Love my paypal gifts.
Of course, if you use PayPal to buy or sell:If your payment is a gift, you give up any recourse through Paypal if there is a problem.
... you are in violation of their Acceptable Use policy and probably lack any recourse anyhow.
"In order to avoid the fee" this is fraud, ill gladly pay the fee.
People will abuse the "gift" option, but there is a reason that Paypal has this option and I'm sure they know that they lose some fees do to abuse or fraud as you call it. I use the "gift" option frequently. Example: If someone buys something on our (Knife Lady and mine) website and that item belongs to Knife Lady, the payment goes into my Paypal account and I pay the Paypal fees on that transaction. When I pay Knife Lady the money that is due to her, I "gift" the money to her.

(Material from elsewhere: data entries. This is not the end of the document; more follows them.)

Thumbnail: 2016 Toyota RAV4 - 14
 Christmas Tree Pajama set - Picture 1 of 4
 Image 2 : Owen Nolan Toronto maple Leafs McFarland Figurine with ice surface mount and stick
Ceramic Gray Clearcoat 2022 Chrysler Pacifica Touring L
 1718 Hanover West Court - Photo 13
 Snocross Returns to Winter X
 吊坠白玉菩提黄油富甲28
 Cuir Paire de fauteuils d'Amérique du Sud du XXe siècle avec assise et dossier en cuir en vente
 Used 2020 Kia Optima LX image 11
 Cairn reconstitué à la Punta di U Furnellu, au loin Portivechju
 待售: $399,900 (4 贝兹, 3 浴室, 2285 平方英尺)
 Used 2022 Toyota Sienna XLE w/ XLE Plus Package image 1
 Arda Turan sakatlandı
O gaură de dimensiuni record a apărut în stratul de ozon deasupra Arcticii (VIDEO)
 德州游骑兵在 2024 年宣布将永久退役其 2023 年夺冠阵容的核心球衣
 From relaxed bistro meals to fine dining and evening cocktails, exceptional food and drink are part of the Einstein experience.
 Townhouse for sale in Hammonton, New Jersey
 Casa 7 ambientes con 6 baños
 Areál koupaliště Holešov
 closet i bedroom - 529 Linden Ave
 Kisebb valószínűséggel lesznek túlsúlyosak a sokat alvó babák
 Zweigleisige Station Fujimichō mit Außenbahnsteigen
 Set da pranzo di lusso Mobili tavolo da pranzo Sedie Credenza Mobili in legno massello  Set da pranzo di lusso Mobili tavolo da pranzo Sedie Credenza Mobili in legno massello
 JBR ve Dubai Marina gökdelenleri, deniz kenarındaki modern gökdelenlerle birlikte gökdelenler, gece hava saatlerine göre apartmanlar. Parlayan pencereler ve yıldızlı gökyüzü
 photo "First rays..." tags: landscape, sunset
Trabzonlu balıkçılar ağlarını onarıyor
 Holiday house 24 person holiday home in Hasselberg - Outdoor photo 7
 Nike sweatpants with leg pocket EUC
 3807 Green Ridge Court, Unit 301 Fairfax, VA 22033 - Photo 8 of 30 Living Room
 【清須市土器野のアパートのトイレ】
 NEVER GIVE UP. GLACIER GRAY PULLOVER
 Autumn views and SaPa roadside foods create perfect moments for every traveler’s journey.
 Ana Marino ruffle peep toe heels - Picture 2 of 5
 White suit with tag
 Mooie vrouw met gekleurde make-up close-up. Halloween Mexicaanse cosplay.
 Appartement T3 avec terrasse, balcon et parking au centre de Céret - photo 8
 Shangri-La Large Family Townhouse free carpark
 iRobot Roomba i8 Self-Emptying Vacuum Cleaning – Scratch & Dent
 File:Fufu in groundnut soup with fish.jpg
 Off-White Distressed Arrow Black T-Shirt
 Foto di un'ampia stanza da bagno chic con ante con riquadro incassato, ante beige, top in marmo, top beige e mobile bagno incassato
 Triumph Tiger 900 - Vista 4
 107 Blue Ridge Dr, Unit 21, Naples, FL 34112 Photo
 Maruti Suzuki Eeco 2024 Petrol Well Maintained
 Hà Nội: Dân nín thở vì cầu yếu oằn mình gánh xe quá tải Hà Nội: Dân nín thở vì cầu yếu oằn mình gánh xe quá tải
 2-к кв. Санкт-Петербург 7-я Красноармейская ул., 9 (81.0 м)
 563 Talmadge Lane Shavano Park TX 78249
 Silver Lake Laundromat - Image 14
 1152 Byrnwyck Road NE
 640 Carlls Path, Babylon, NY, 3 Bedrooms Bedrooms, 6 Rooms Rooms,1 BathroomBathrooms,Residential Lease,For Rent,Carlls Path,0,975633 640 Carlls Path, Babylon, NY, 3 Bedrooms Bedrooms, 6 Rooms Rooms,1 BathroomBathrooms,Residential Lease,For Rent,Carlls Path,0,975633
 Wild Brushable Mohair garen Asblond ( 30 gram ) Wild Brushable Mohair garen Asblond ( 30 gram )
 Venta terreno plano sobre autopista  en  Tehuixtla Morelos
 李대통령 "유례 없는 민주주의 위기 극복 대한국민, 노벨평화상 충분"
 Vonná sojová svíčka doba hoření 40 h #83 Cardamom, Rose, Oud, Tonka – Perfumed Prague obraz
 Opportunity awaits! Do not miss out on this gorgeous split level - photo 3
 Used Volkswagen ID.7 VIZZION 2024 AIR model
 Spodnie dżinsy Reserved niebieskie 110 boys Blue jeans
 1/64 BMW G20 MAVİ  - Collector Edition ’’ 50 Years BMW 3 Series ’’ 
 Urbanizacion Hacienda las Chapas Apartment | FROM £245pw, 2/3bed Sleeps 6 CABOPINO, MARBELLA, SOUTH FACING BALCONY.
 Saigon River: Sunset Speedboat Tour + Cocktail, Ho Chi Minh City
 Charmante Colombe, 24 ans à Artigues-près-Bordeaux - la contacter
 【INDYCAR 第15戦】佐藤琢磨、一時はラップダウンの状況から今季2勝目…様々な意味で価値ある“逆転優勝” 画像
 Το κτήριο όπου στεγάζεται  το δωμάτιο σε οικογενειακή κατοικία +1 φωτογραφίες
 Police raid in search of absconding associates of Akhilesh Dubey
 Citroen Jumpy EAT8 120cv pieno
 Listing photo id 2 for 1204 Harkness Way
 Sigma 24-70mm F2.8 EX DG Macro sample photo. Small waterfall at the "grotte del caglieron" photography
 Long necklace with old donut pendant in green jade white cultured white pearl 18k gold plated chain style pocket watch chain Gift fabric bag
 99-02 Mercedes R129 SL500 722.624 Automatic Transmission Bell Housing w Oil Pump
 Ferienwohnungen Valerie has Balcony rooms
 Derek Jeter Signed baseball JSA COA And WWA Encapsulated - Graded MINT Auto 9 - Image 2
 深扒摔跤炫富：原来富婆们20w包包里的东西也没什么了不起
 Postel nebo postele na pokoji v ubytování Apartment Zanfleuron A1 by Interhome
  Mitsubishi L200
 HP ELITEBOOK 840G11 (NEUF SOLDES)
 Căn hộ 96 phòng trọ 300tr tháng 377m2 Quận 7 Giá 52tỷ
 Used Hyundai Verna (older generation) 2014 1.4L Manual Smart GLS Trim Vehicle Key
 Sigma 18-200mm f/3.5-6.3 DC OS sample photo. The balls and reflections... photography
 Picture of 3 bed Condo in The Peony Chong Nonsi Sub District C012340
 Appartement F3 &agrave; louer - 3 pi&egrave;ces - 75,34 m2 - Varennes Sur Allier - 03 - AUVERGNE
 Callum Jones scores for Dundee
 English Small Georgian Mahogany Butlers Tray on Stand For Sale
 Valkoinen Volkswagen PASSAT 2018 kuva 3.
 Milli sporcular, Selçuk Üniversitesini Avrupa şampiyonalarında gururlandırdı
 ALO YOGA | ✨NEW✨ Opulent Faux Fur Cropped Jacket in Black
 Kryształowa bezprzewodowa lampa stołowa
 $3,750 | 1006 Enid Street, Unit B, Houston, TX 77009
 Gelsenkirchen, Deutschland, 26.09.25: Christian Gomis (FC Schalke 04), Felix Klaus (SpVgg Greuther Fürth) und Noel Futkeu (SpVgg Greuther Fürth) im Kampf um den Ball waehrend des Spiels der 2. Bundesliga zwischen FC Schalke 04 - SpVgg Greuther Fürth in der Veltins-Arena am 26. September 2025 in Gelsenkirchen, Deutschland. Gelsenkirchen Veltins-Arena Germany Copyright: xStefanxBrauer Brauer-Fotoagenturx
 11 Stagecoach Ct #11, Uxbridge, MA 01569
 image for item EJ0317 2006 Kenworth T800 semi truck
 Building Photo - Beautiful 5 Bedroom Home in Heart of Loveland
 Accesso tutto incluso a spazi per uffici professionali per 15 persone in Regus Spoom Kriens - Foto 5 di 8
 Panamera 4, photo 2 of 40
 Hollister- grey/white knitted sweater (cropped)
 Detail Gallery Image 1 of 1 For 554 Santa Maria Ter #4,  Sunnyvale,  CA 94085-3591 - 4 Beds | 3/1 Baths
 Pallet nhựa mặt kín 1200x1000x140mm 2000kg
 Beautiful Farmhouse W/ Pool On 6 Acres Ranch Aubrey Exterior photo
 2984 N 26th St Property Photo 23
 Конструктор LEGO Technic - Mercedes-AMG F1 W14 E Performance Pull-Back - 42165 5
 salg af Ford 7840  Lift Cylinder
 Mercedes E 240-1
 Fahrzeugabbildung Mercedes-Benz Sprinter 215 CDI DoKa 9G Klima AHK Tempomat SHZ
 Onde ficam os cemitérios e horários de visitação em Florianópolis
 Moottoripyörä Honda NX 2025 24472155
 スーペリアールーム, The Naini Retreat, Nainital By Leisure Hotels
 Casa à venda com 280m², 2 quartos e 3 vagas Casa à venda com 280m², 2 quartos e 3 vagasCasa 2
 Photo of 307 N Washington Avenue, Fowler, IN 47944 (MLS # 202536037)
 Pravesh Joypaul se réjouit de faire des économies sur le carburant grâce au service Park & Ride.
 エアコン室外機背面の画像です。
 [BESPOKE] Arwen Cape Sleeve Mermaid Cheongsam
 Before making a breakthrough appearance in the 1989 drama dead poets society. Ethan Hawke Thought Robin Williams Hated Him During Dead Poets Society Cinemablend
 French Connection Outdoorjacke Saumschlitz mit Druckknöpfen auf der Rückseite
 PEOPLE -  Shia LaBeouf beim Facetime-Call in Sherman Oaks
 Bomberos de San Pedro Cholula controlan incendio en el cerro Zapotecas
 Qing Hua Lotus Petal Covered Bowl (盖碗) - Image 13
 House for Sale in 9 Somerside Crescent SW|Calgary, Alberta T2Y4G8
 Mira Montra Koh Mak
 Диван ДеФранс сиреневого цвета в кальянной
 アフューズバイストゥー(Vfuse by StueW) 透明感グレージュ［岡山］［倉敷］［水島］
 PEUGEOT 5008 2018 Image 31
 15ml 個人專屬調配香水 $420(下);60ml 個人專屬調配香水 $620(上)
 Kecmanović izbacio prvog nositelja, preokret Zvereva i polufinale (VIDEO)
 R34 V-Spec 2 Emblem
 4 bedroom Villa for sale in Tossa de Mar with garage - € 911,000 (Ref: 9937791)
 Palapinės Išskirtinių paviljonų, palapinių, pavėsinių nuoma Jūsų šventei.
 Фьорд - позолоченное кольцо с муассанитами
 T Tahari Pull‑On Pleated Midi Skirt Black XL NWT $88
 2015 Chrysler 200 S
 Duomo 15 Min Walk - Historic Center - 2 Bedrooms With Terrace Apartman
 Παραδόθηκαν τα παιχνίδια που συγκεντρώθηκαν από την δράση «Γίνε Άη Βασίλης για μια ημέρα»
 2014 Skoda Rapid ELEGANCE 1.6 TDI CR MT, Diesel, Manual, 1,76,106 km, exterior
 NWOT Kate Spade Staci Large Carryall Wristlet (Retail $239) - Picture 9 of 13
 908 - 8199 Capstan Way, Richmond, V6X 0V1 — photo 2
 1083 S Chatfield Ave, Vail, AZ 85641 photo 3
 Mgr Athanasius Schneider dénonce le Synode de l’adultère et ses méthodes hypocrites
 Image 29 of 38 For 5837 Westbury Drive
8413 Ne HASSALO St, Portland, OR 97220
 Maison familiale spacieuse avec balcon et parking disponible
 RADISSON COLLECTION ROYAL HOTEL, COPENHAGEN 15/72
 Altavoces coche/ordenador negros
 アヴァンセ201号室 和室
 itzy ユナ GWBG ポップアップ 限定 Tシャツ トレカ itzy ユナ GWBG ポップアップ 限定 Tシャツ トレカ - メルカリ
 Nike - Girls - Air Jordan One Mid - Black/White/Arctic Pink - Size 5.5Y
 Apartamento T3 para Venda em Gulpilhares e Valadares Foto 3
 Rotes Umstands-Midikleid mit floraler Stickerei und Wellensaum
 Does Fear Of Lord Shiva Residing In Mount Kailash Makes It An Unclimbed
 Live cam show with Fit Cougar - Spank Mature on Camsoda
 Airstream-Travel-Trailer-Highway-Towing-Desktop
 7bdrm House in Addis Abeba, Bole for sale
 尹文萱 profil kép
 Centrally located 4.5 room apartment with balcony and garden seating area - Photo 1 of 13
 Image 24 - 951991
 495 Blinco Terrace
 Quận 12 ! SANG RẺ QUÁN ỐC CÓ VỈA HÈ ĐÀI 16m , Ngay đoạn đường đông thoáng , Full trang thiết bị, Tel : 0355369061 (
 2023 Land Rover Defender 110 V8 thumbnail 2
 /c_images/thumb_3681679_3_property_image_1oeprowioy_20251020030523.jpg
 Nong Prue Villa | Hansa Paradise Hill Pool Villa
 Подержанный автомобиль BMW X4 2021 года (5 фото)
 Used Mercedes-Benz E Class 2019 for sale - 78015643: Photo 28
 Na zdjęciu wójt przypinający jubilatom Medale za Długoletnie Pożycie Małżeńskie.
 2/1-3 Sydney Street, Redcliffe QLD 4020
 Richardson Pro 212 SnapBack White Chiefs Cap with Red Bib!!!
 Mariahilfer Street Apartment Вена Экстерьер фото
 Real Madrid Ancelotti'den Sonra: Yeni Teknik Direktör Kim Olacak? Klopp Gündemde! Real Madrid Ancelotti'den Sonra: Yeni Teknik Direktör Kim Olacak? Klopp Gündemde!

I don't see anything wrong with what I'm doing, I paid the fee on the original transaction.
I never noticed there was a gift box will have to check it out.
Do you use the "Gift" option or the "Money Owed" option under the "personal" tab to do this?
Both options along with the "other" and can't recall the other item under the personal tab are free when the money comes from your PayPal balance or bank account.
The reason I ask is more from a tax-preparing/book keeping point of view.
You should really use the "Money Owed" so you can properly label the transfer as an 'expense' on your internal books/records as opose to a 'gift'.
if you ever get audited by the IRS seeing it as "money owed" rather then having to explain it's "money owed" but labeled as a gift will make the audit go easier.